September 17, 2023

Museum Review - West Australia Shipwrecks Museum

G’day, it’s Megasilverfist again. I was recently in Freo1 on a business trip and had time to stop by the place’s main attraction, Cicerello’s “the home of fish ‘n’ chips” the West Australia Shipwrecks Museum.2

The main building, originally a commissary and one of the first British building in Australia
Type: Shipwreck museum
Location: Fremantle, Western Australia3
Rating: 5/5, A great trip through the history of Australia, the development of naval technology, and the techniques of underwater archeology disguised as an already impressive collection of salvaged artifacts and period accounts of shipwrecks.
Price: Free with a recommended donation of 5 AUD (~3 USD)

During the age of sail, vessels frequently crashed against the many shores and reefs off the west of Australia. And in the modern day diving is a popular hobby in WA with many divers donating time the museum-associated Maritime Archaeological Association of Western Australia. As a result the museum has a massive collection of salvage which it uses to illustrate the story of (European) exploration and settlement of WA as well as various advances in naval technology.

In fact it has enough, that attempting to do a fair summary meant I was multiple hours and pages in before I finished talking about the first wreck that wasn’t even important enough to get it’s own gallery instead of a spot in the entrance hall. So instead I am going to due a tragically short summary, and include my segment on the first wreck as a teaser of a possible wreck by wreck series which I would love to do but am very much not promising because I thought I was going to finish this entire thing in about an hour like with my last review.

Wrecks provide us with a timeslice of what was happening in ship construction and usage at a given point in time. Supplementing archaeology of the wrecks themselves to period documentation of why the voyage was happening to begin with and how people reacted to the wreck gives us enough context to start getting serious insights into the wider society the ship was from.

The Shipwrecks Museum does an incredible job of leaning into this to the point where if I get around to the wreck by wreck review I plan on addressing the period views on the theology of state sponsored torture, Dutch rapier fencing, early modern liability law, metallurgy, the development of the Swedish artillery industry, and tacky faux classical architecture in the same post.4

The museum is well presented, aesthetically pleasing in design, and puts a lot of effort into accessibility both for wheelchair users, the vision impaired, and people with other sensory issues. If you are anything like the typical reader of this blog you will enjoy visiting.

The entrance gallery lays out the “archaeological mystery” of a wreck that was discovered by spear-fishers and whose bell (atypically) did not have the ship’s name.

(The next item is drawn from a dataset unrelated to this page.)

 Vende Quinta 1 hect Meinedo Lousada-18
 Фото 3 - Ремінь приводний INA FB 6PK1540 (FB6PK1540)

Successive displays show increasingly identifying artifacts in order of their recovery as well as information on the recovery process, and various written sources that they were referenced against. Allowing visitors to follow the process of identifying the ship as being (spoilers) the American China trader Rapid. This turned out to be a major discovery, as the economic importance of American China traders was already well documented, but their design and other characteristics were not. Thus the crew’s personal effects and ship’s fittings on display at the museum and the in situ hull survey performed by affiliated divers significantly advanced marine archaeology.

1 bean: For those who don't speak Australian, this is slang for Fremantle, a subdistrict of Perth.

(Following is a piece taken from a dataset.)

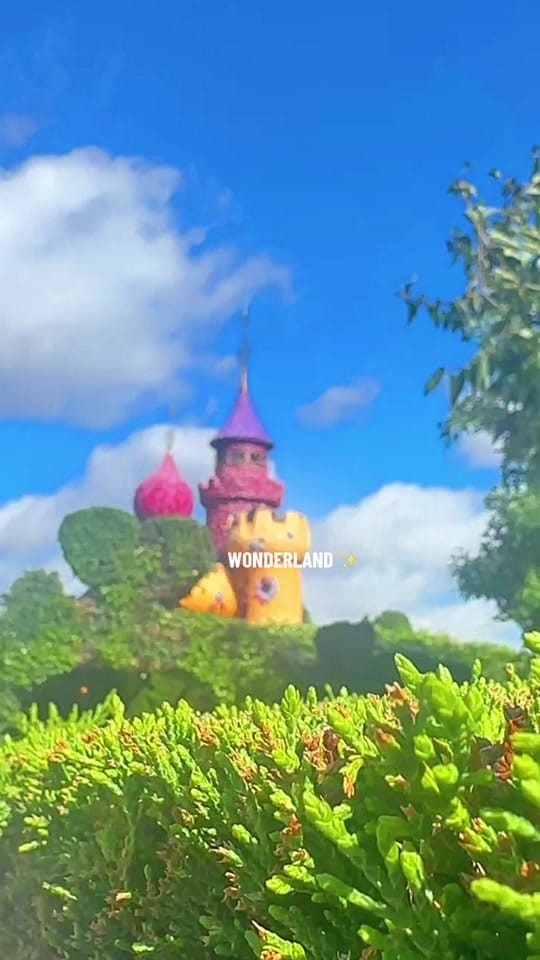 Post 4 by Sam | DLP Tips Queen 👑 on TikTok (video)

2 I also did Cicerrelo’s and was quite pleased with the chowder.

3 The name of a state though as it covers the entire western third of Australia it as basically interchangeable with west Australia.

4 One post per wreck is starting to look optimistic.


  1. September 17, 2023Rolf Andreassen said...

    underwater areology

    Underwater study of the planet Mars? ...possibly 'arcology' was intended?


  2. September 17, 2023Anonymous said...

    Underwater arcology, that actually sounds pretty cools.

  3. September 18, 2023megasilverfist said...

    Sorry this is a bit unedited I banged it out while I was still traveling since I suspected I'd be busy once I got back. Hope people like it anyway.

  4. September 18, 2023bean said...

    I should have caught those. Fixed now.

    And yes, I liked it quite a lot.

  5. September 18, 2023megasilverfist said...

    Thanks Bean. "shores and reefs" was meant to be shoals and reefs but basically all the shoals are also reefs so I think this works better.

  6. September 21, 2023Alexander said...

    Donating time > donating items to?

  7. October 04, 2023megasilverfist said...

    "Donating time > donating items to?" That one was correct though maybe a bit clunky. They volunteer time to museum expeditions.